Nur, um am nächsten Tag eines Besseren belehrt zu werden. Es ist nicht für alle Eltern schwierig. “Der Bengel ist einfach sackfaul. Der soll sich mal den Arsch aufreissen. Aber die in der Schule schauen ja auch nicht. Die Lehrer müssen sich doch darum kümmern, dass die Hausaufgaben gemacht werden”, keift eine. Nein, ich nenne sie nicht Dame. Das passt nämlich gar nicht zu ihrer Stimmlage. Meine Öhrchen spitzen sich. (Sorry. Wenn ein gewisser Tonfall angeschlagen wird, kann ich einfach nicht weghören). “Und am Wochenende schick ich ihn ja dann immer weg. Ich habe mich so organisiert, dass er abwechselnd bei einem guten Kumpel von mir und dann wieder bei meinem Ex ist.
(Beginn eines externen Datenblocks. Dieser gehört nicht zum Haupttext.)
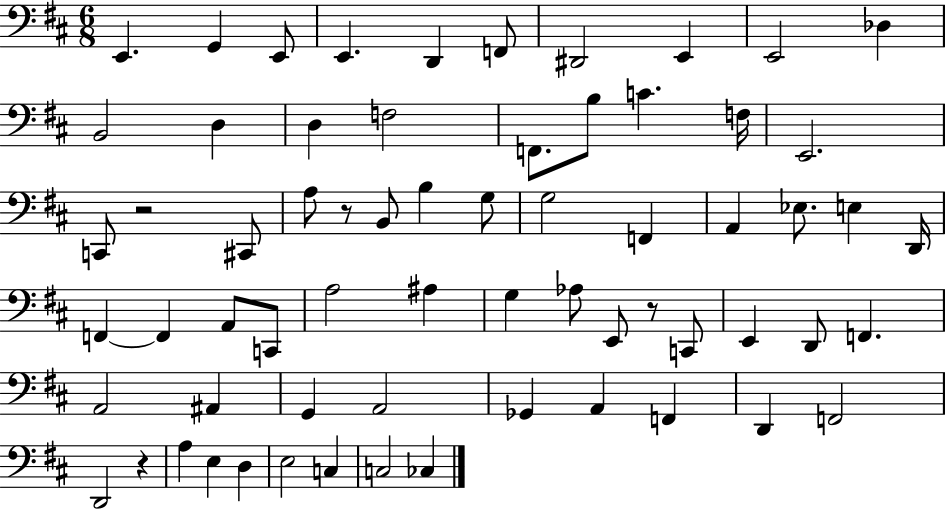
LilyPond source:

{
  \clef bass
  \numericTimeSignature
  \time 6/8
  \key d \major
  e,4. g,4 e,8 | e,4. d,4 f,8 | dis,2 e,4 | e,2 des4 | \break b,2 d4 | d4 f2 | f,8. b8 c'4. f16 | e,2. | \break c,8 r2 cis,8 | a8 r8 b,8 b4 g8 | g2 f,4 | a,4 ees8. e4 d,16 | \break f,4~~ f,4 a,8 c,8 | a2 ais4 | g4 aes8 e,8 r8 c,8 | e,4 d,8 f,4. | \break a,2 ais,4 | g,4 a,2 | ges,4 a,4 f,4 | d,4 f,2 | \break d,2 r4 | a4 e4 d4 | e2 c4 | c2 ces4 | \break \bar "|."
}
Man sagt ja immer, dass ein Kind auch einen Vater braucht.” Aha, ich bin mir nur nicht sicher, ob diese Massnahme die geeignete ist. “Und ich habe Zeit für mich.” Verstehe ich das jetzt richtig? Während der Woche geht er zur Schule und am Wochenende braucht sie Zeit für sich? “Ich habe keine Lust zu schauen, dass er seinen Scheiss erledigt. Soll er doch selber. Hab im Job grad einen so guten Lauf, das will ich nicht gefährden. Vielleicht sollte ich eine Hausaufgabenbetreuung suchen. Dann wäre ich dieses Problem auch los.” Das wird mir jetzt echt zu blöd und ich frage mich, warum diese Mutter überhaupt ein Kind in die Welt gesetzt hat. Urteilen steht mir eigentlich nicht zu. Ich bin nicht Mutter und habe keinen Plan, wie anstrengend, aufreibend, hektisch das Leben mit Kindern sein kann. Nur, da gibt es doch auch die schönen Seiten. Wenn die Knirpse einem angucken, aus grossen unschuldigen Augen und ein “ich hab dich lieb” von sich geben. So gehts mir auf jeden Fall mit meinen Patenkindern. Aber die anderen Momente sind wohl zahlreicher? Da fällt mir grad eine Szene ein, vor Längerem erlebt in einer Bäckerei. Eine ebenso gestresste wie genervte Mutter kauft für ihren Sprössling ein Znünibrötli und beklagt sich, dass immer alles so hektisch sei. Sie immer alles organisieren müsse. Worauf der Dreikäsehoch keck meint: “Mami, das ist halt so, wenn man Kinder hat.”